"""
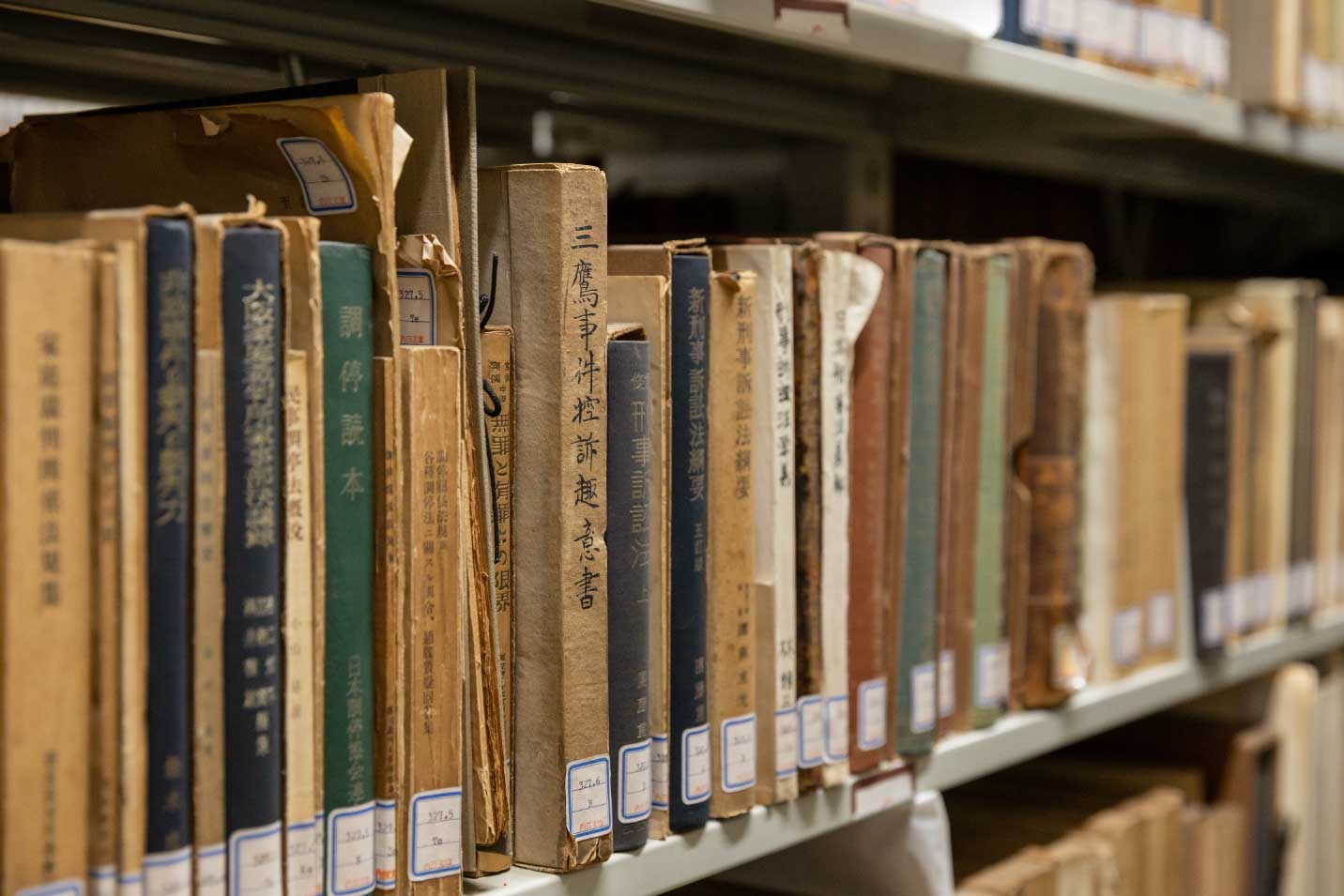 一般的に図書館にない書籍があるのも、寄贈本が多いからです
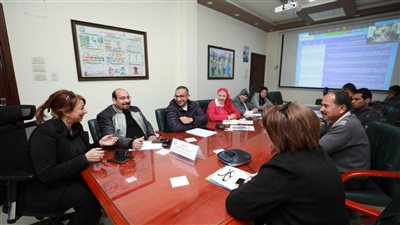 مياه أسيوط تبحث وضع معايير اختيار القرية المناخية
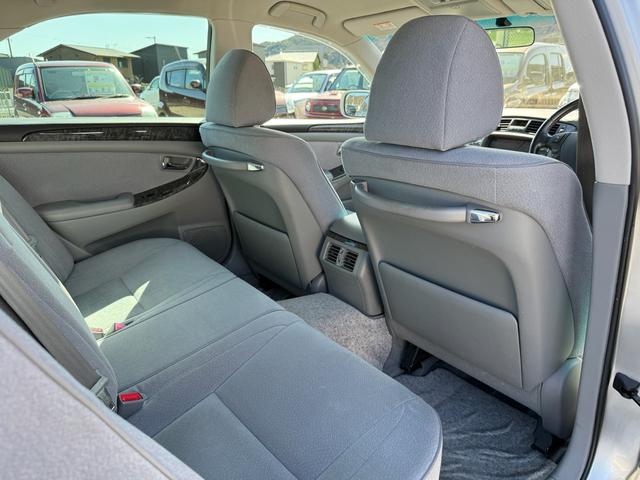 クラウン ロイヤルサルーン　ロイヤルサルーン・禁煙車・黒木目パネル・クルーズコントロール・クリアランスソナー・純正ナビ・バックモニター・パワーシート・スマートキー・プッシュスタート・ステアリングスイッチ・純正アルミ・ＥＴＣ（39枚目）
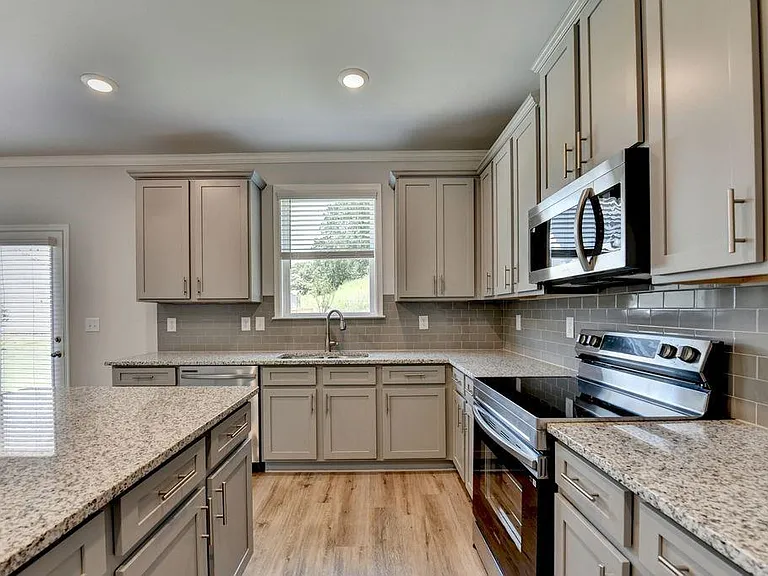 7309 Yewtree Dr — Photo 23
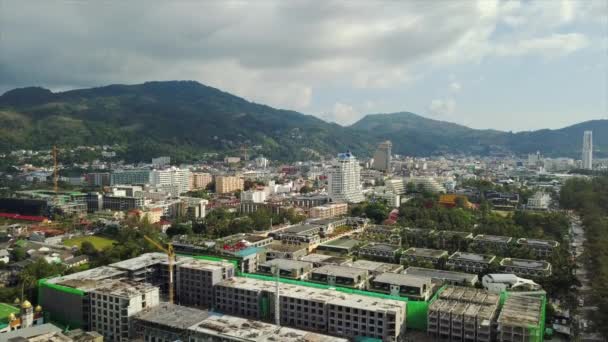 Zonnige Dag Phuket Eiland Stad Daken Luchtfoto Panorama Thailand — Stockvideo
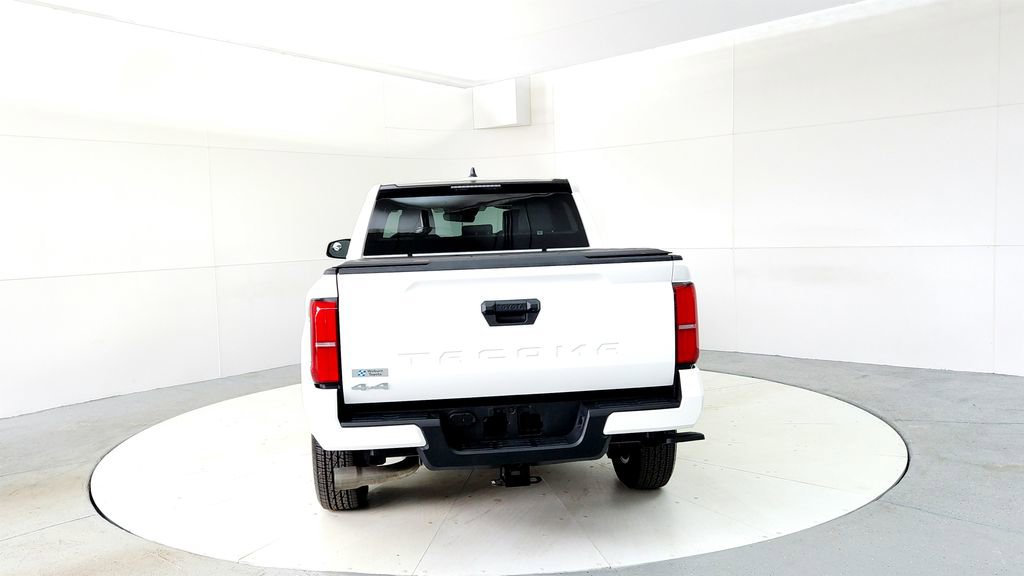 Certified 2025 Toyota Tacoma SR5 AWD/4WD image 5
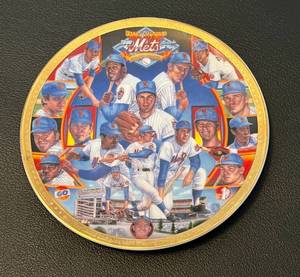 lot 206 image: 1969 Miracle Mets Sports Impressions 25th Anniversary Collectible Player - Nolan Ryan Baseball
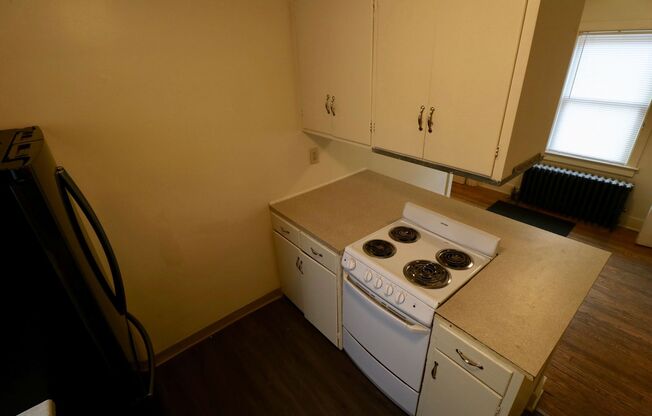Two bedroom apartment near engineering and science buildings, 4 blocks from campus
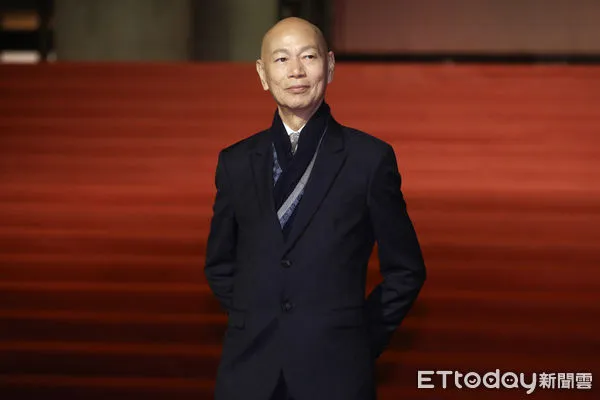 ▲第60屆金馬獎星光大道，頒獎嘉賓羅家英。（圖／記者林敬旻攝）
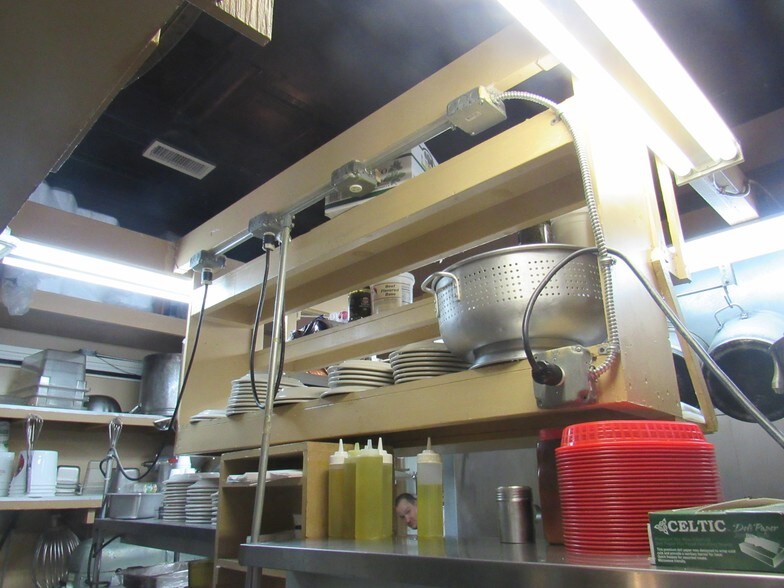 More Photos Of 102 N Hill St, Griffin Restaurant For Sale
"""
WHAT TO WORK ON:
Quote only what lies between the first line of the records and the line containing "Zonnige Dag Phuket", please, including both lines and excluding images.

SOLUTION:
 一般的に図書館にない書籍があるのも、寄贈本が多いからです
 مياه أسيوط تبحث وضع معايير اختيار القرية المناخية
 クラウン ロイヤルサルーン　ロイヤルサルーン・禁煙車・黒木目パネル・クルーズコントロール・クリアランスソナー・純正ナビ・バックモニター・パワーシート・スマートキー・プッシュスタート・ステアリングスイッチ・純正アルミ・ＥＴＣ（39枚目）
 7309 Yewtree Dr — Photo 23
 Zonnige Dag Phuket Eiland Stad Daken Luchtfoto Panorama Thailand — Stockvideo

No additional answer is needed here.